During 1911 and 1912, Carnegie gave the corporation $125 million, making it the largest single philanthropic trust ever established up to that time. As the residual legatee under his will, the corporation received an additional $10 million when the estate was settled. Carnegie earmarked a portion of the endowment to be used for philanthropic purposes in Canada and what were then the British Colonies. This part of the endowment was first known as the Special Fund, then the British Dominions and Colonies Fund, and later the Commonwealth Program. Charter amendments have allowed the corporation to use 7.4 percent of its income in countries that are or have been members of the British Commonwealth.

In the corporation's early years, Carnegie himself was president and a trustee. James Bertram, his private secretary, and Robert A. Franks, his financial agent, were also trustees and, respectively, secretary and treasurer of the corporation. These three comprised the first executive committee and made most of the funding decisions. The other seats on the board were held ex officio by the presidents of the five previously established Carnegie organizations in the United States-Carnegie Institute (of Pittsburgh) (1896), Carnegie Institution of Washington (1902), Carnegie Hero Fund Commission (1904), CFAT (1905), and CEIP (1910). Shortly after Carnegie's death in 1919, the trustees elected a full-time, salaried president as chief executive officer of the corporation and made him an ex officio member of the board.

Initially, grants followed the pattern of Carnegie's personal philanthropies. Until 1917, gifts for the construction of public libraries and for the purchase of church organs were continued. The other Carnegie organizations in the United States also received substantial grants for their programs, as did universities, colleges, schools, and general educational agencies. In his letter of gift to his original trustees, Carnegie wrote (employing the simplified spelling he favored): "Conditions upon erth inevitably change; hence, no wise man will bind Trustees forever to certain paths, causes or institutions. I disclaim any intention of doing so. On the contrary, I giv my Trustees full authority to change policy or causes hitherto aided, from time to time, when this, in their opinion, has become necessary or desirable. They shall best conform to my wishes by using their own judgement." Thus, over the years, the corporation's priorities for grant making have changed, while always remaining broadly educational.

Following Carnegie's death, the corporation began to align its programs with the more scientific assumptions that were coming to dominate social initiatives in the early part of this century. Convinced of the nation's need to increase scientific expertise and "scientific management", the corporation sought to build centers of excellence in the natural and social sciences. Large grants were made to the National Academy of Sciences/National Research Council, the Carnegie Institution of Washington, the National Bureau of Economic Research, the Food Research Institute at Stanford University, and the Brookings Institution. At this time, the corporation also developed an interest in adult education and lifelong learning as a logical sequel to Carnegie's preoccupation with libraries as "the university of the people". In 1919 it initiated the vast Americanization Study to explore educational opportunities for adults, primarily new immigrants.

Frederick P. Keppel

Under Frederick P. Keppel, president from 1923 to 1941, Carnegie Corporation shifted from the creation of public libraries to strengthening library infrastructure, services, and training and building the field of adult education, adding arts education to the array of programs in colleges and universities. The foundation's grantmaking during this period was marked by a certain eclecticism and a remarkable perseverance in its chosen causes.

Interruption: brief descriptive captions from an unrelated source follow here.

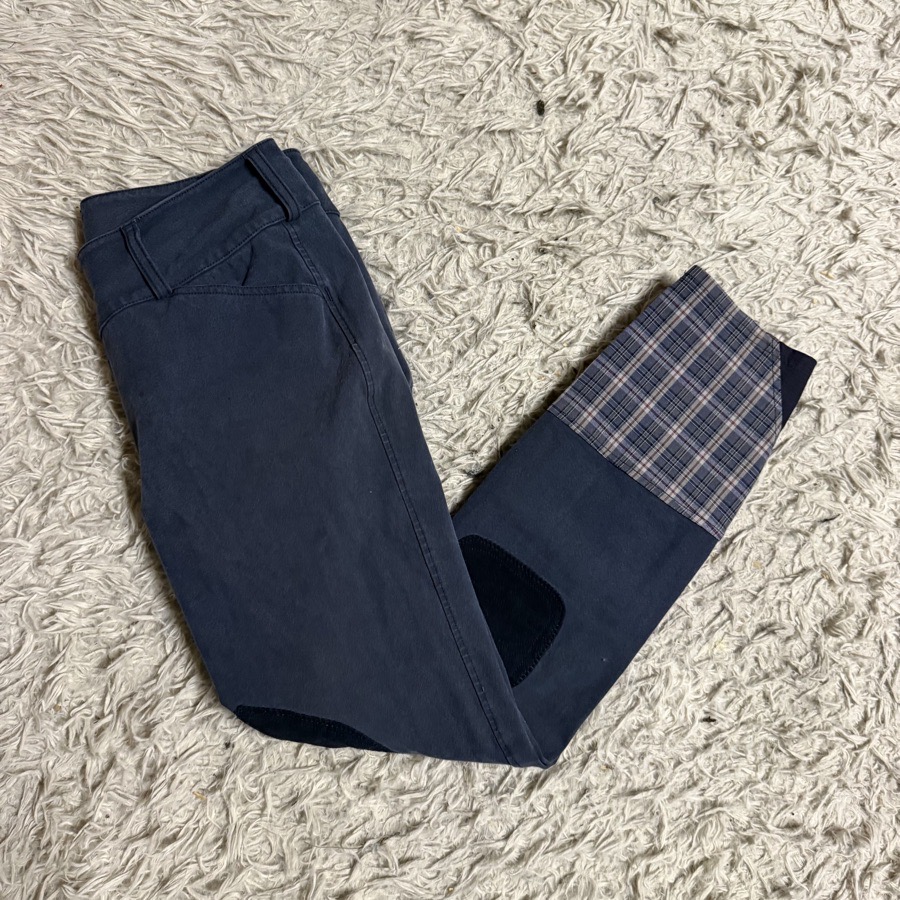 Women’s Size 30L Navy Knee Patch Horseback Riding Breeches. Good Condition.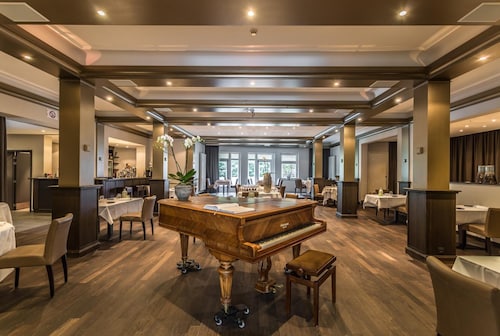 Hotel Ambassador Bosten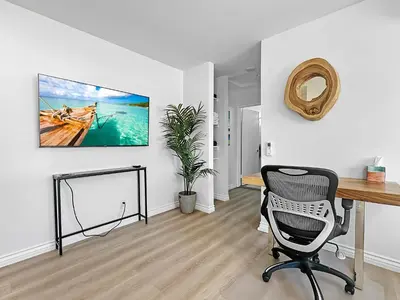 an office with a desk and a chair in a room at Discount For 30 Days Plus Stay In Culver City in Los Angeles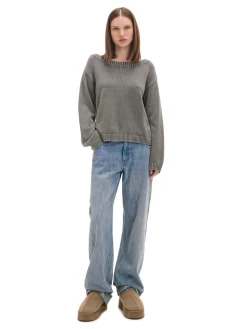 Antracytowy sweter z odkrytymi ramionami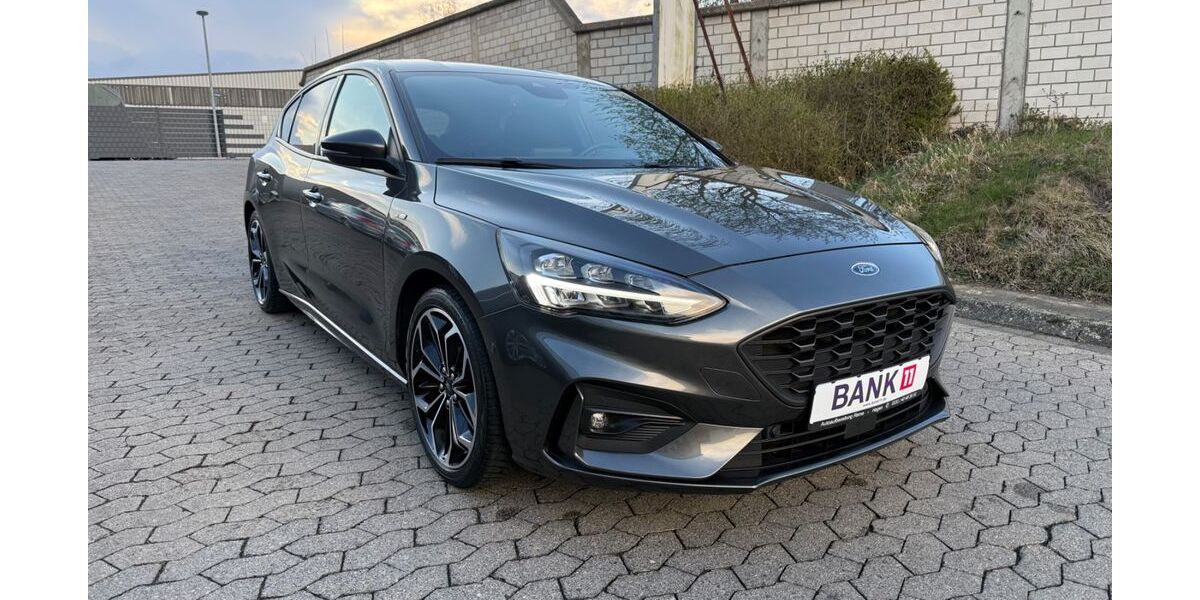 Ford Focus 42.344 km 16.990 &euro; Hemer 58675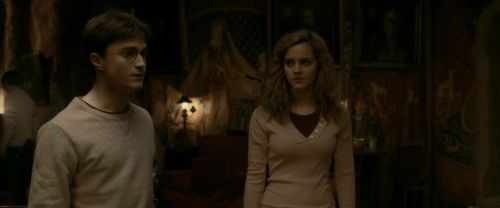 Click to view full size image
==============
EdP-Potterish4619.jpg EdP-Potterish4619.jpg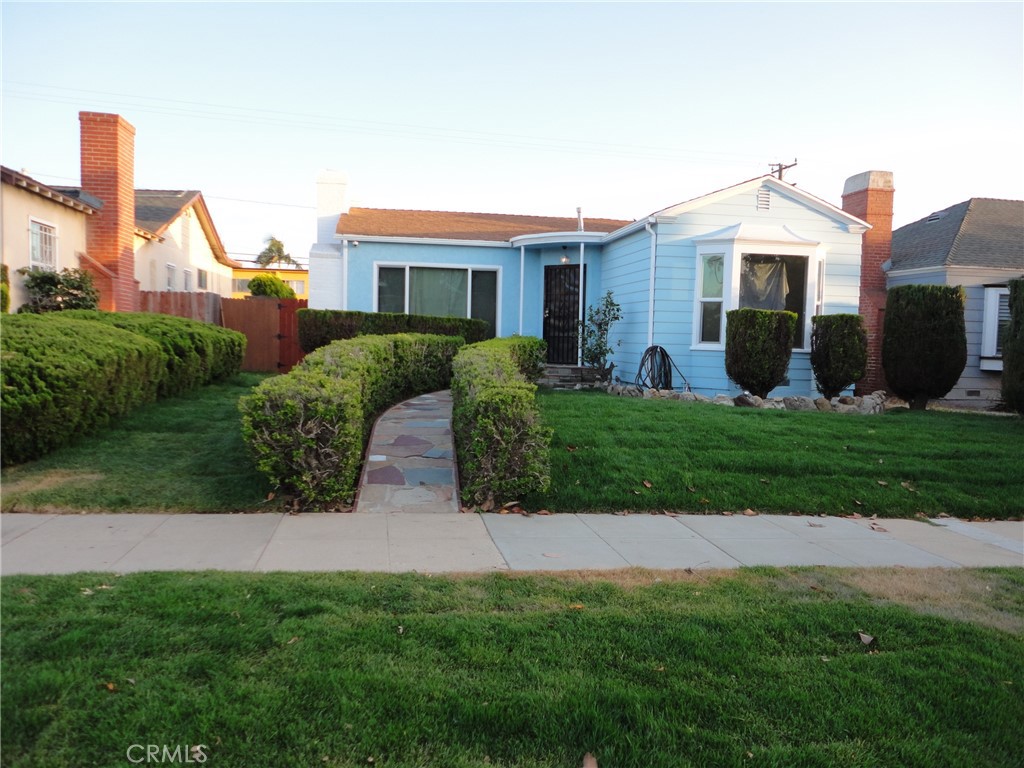 404 W Hillsdale Street, Inglewood, CA 90302 — photo 1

Keppel was behind the famous study of race relations in the United States by the Swedish social economist Gunnar Myrdal, deliberately appointing, in 1937, an "outsider" and a non-American to manage the study on the theory that the task should be undertaken by a fresh mind unencumbered by traditional attitudes or earlier conclusions. Widely heralded, Myrdal's book American Dilemma (1944) had no immediate public policy impact, although it was later heavily cited in legal challenges to segregation. Keppel believed foundations should make the facts available to the public and let them speak for themselves. His cogent writings about philanthropy left a lasting impression on the foundation field and influenced the organization and leadership of many new foundations.

In 1927 Keppel toured sub-Saharan Africa and recommended the first set of grants to establish public schools in East and southern Africa. Other grants were made for municipal library development in South Africa. In 1928 the corporation launched the Carnegie Commission on the Poor White Problem in South Africa. Better known as the "Carnegie Poor White Study", it served to promote strategies for improving the position of rural Afrikaner whites and poor whites in general.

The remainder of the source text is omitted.